▸ **The input**
----

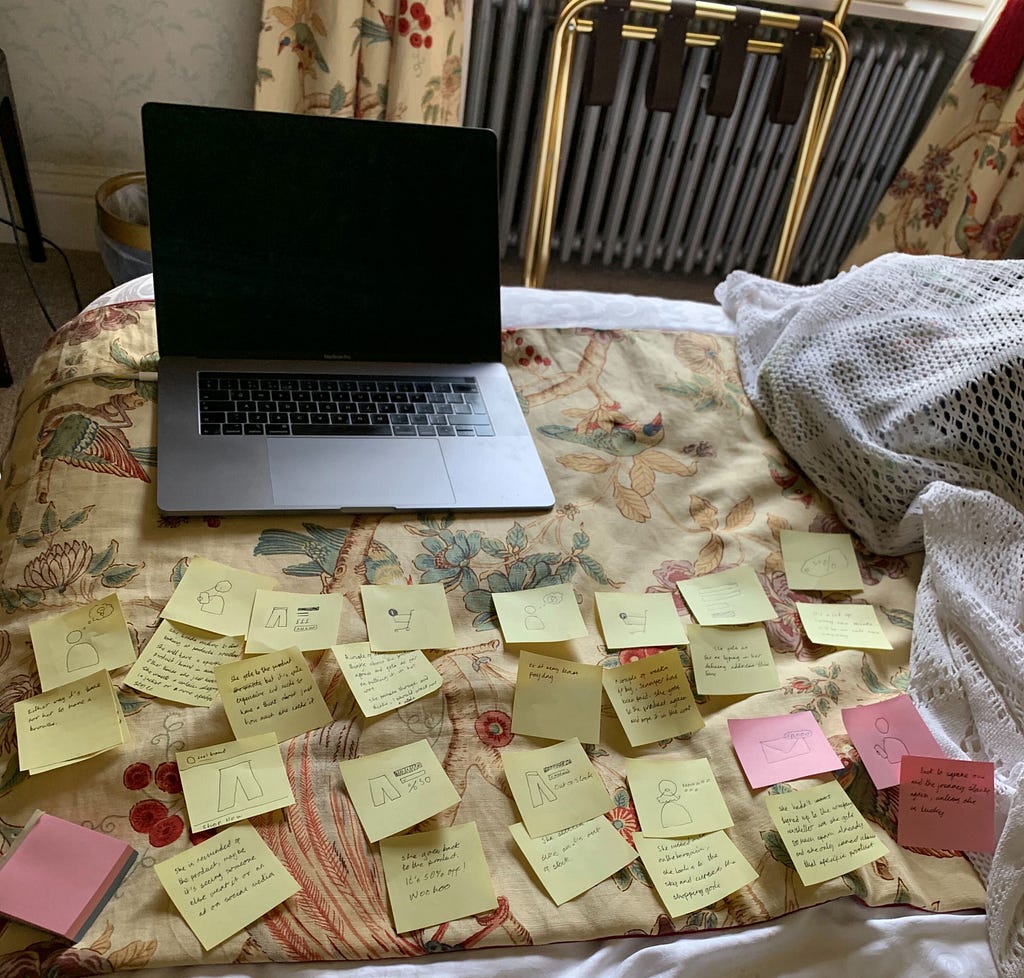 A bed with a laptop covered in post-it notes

----

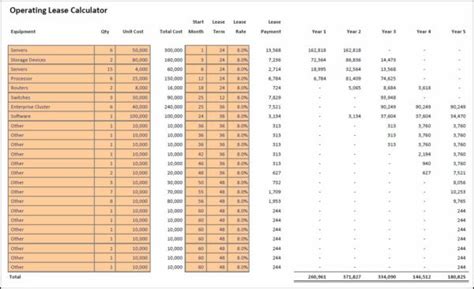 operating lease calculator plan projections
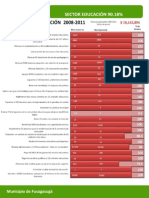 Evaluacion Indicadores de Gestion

----

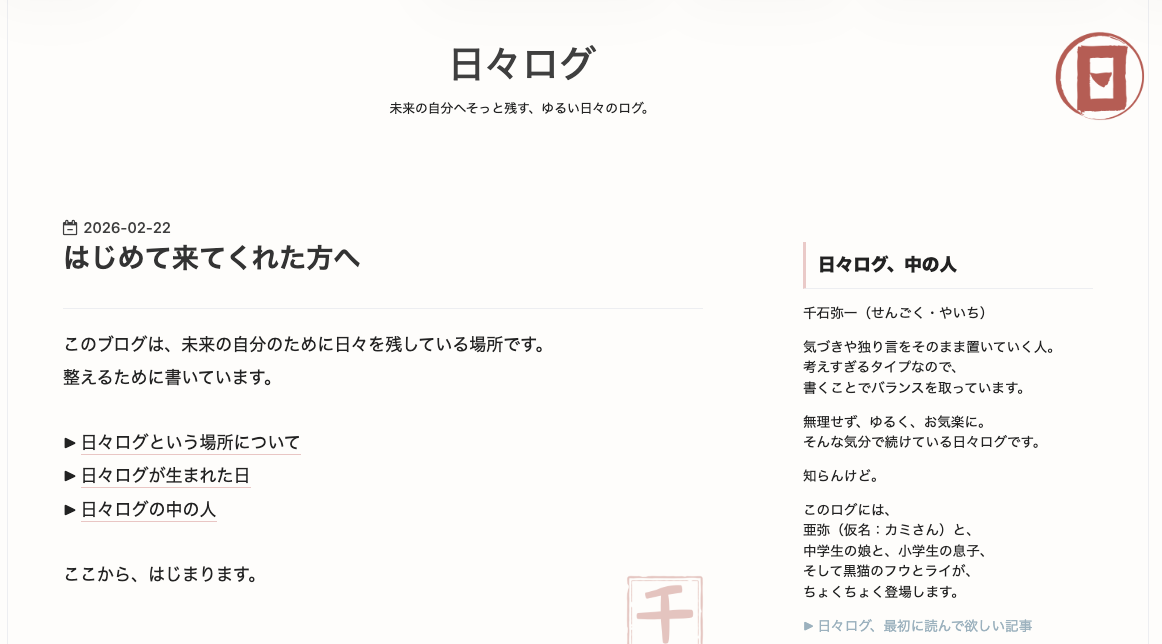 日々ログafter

----

▸ **Required action**
Give again the lines of the listing above that run from the one with "operating lease calculator plan projections" up to and including the one with "Evaluacion Indicadores de Gestion". Keep them exact and omit the pictures.

▸ **Answer space**
 operating lease calculator plan projections
 Evaluacion Indicadores de Gestion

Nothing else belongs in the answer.